Categories: American History, Immigration
Benjamin Franklin's Instructions to Future Immigrants
Gary DeMar | November 24, 2014
The majority of people opposed to Obama’s immigration policies are not opposed to immigration in general but to what America has become in particular. The great waves of immigration that built America happened when the government of the United States was relatively small and non-intrusive. There was no Federal Department of Education, no Great Society, no food stamps, no Medicare, no Social Security, little tax-payer funding of college education (if any), no national healthcare, and no burdening income tax that affected the middle class.
The federal income tax amendment was not passed until 1913 and affected only a very small segment of society. There was no wealth redistribution like we see today. Those who voted for the 16th Amendment believed that only the rich would be taxed. How wrong they were.
Those immigrating to the United States 100 years ago and before could not rely upon the largess of the national government or even state governments to take care of them financially.
In 1782, Benjamin Franklin wrote a pamphlet called “Information to Those Who Would Remove to America.” Many Europeans wanting to immigrate to America had some unrealistic beliefs about what it would be like, and Franklin set them straight. He mentions the 36th Article of the Constitution of Pennsylvania in which people who desire to reside in the state shouldn’t have any illusions of what to expect.
“[E]very Freeman, to preserve his Independence, (if he has not a sufficient Estate) ought to have some Profession, Calling, Trade, or Farm, whereby he may honestly subsist.”
Those wanting to reside in Pennsylvania were discouraged from trying to obtain a profitable living by seeking some political position. “Wherefore, whenever an Office, thro' Increase of Fees or otherwise, becomes so profitable, as to occasion many to apply for it, the Profits ought to be lessened by the Legislature. . . . These Ideas prevailing more or less in all the United States, it cannot be worth any Man’s while, who has a means of Living at home, to expatriate himself, in hopes of obtaining a profitable civil Office in America.”
What a novel idea. Lower the pay for civil officials so they won’t get comfortable in their political positions and use them to enrich themselves. In addition, eliminate the pension system.
A “Stranger,” as Benjamin Franklin called an early immigrant, would be welcomed, not because of “What he is,” but in terms of “What can he do.”
“If he has any useful Art, he is welcome; and if he exercises it, and behaves well, he will be respected by all that know him; but a mere Man of Quality, who, on that Account, wants to live upon the Public, by some Office or Salary, will be despised and disregarded. The Husbandman is in honor there, and even the Mechanic, because their Employments are useful.”
Another factor that is missing today is an operating worldview based on certain religious precepts that were generally agreed on by most Americans.
Franklin pointed out, “Hence, bad examples to youth are more rare in America, which must be comfortable consideration to parents. To this may be truly added, that serious religion, under its various denominations, is not only tolerated, but respected and practiced.” The pillars of religion are being attacked in every area of our Republic and we wonder why there a moral coarseness prevails in so many areas of life. Just the mention of religion sends liberals into a fit of rage.
Franklin was a believer in the moral effects of religion even though he dismissed the theological wrangling that often took place among the various sects, equivalent to our denominations.
“Atheism is unknown there; infidelity rare and secret; so that persons may live to a great age in that country without having their piety shocked by meeting with either an Atheist or an Infidel. . . . And the Divine Being seems to have manifested his approbation [approval] of the mutual forbearance and kindness with which the different sects treat each other; by the remarkable prosperity with which he has been pleased to favor the whole country.”
In effect, religion had a positive impact on Americans even if not all Americans lined up with some particular religious group.
In fact, without the positive benefits of a Christian worldview, even with all the faults manifested by individual Christians, America would not be the desired after haven it was for more than 200 years.
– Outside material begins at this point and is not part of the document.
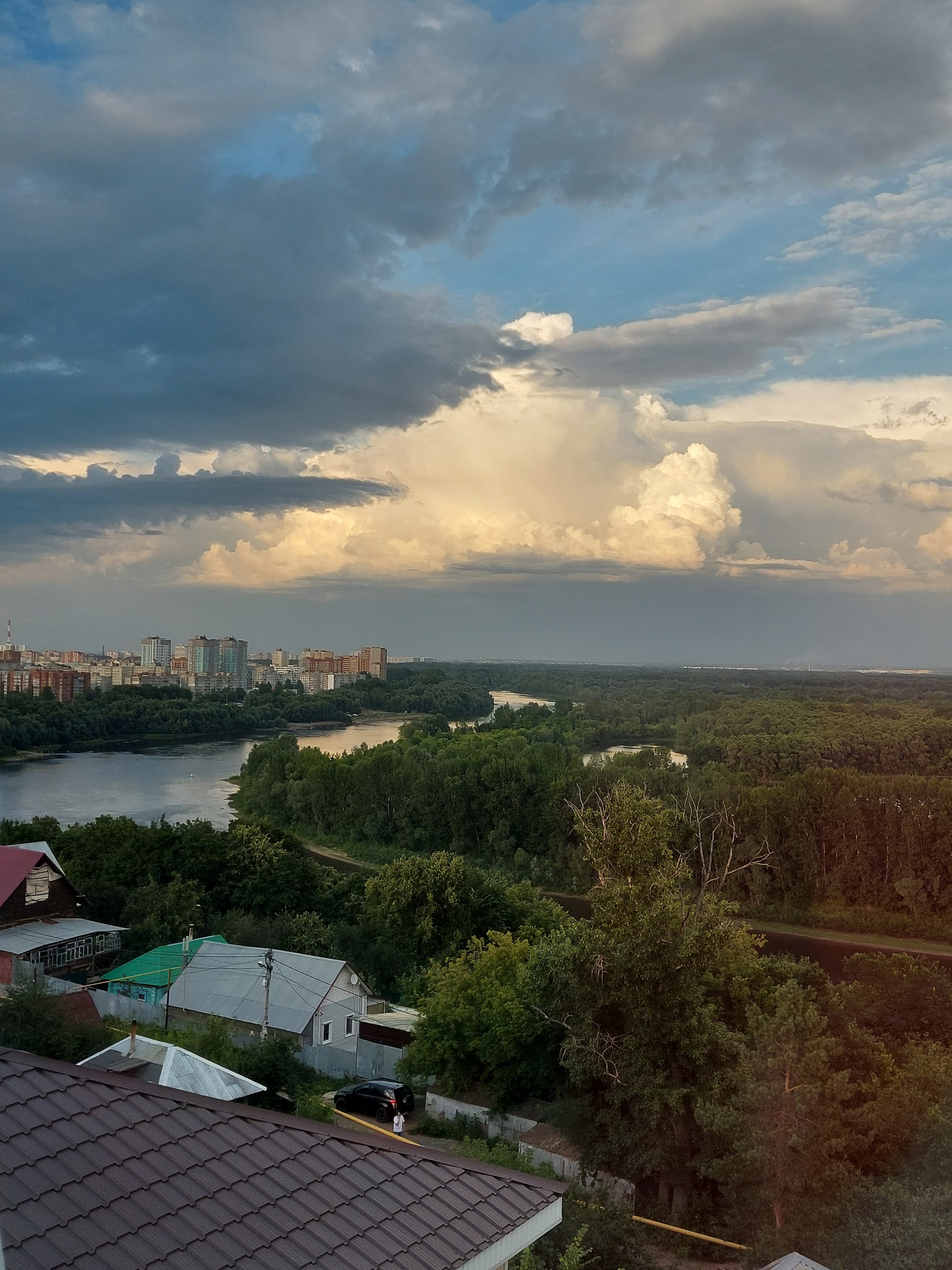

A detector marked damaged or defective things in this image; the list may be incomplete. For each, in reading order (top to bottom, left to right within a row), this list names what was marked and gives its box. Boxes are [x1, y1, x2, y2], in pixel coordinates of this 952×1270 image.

rusty metal roof [0, 1051, 566, 1270]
Noah Webster, best known for his work on the American Dictionary of the English Language (1828), wrote the following in the Preface:
“In my view, the Christian religion is the most important and one of the first things in which all children, under a free government ought to be instructed... No truth is more evident to my mind than that the Christian religion must be the basis of any government intended to secure the rights and privileges of a free people.”
Earlier, in 1814, Webster wrote:
“Knowledge, learning, talents are not necessarily connected with sound moral and political principles.… And eminent abilities, accompanied with depravity of heart, render the possessor tenfold more dangerous in a community.”
In his book on the History of the United States (1832), he wrote:
“The religion which has introduced civil liberty is the religion of Christ and His apostles, which enjoins humility, piety, and benevolence; which acknowledges in every person a brother, or a sister, and a citizen with equal rights. This is genuine Christianity, and to this we owe our free Constitutions of Government.…”
The development of the welfare state and the rejection of a unified covenant with God and the attendant moral worldview that goes with it has changed what America has become.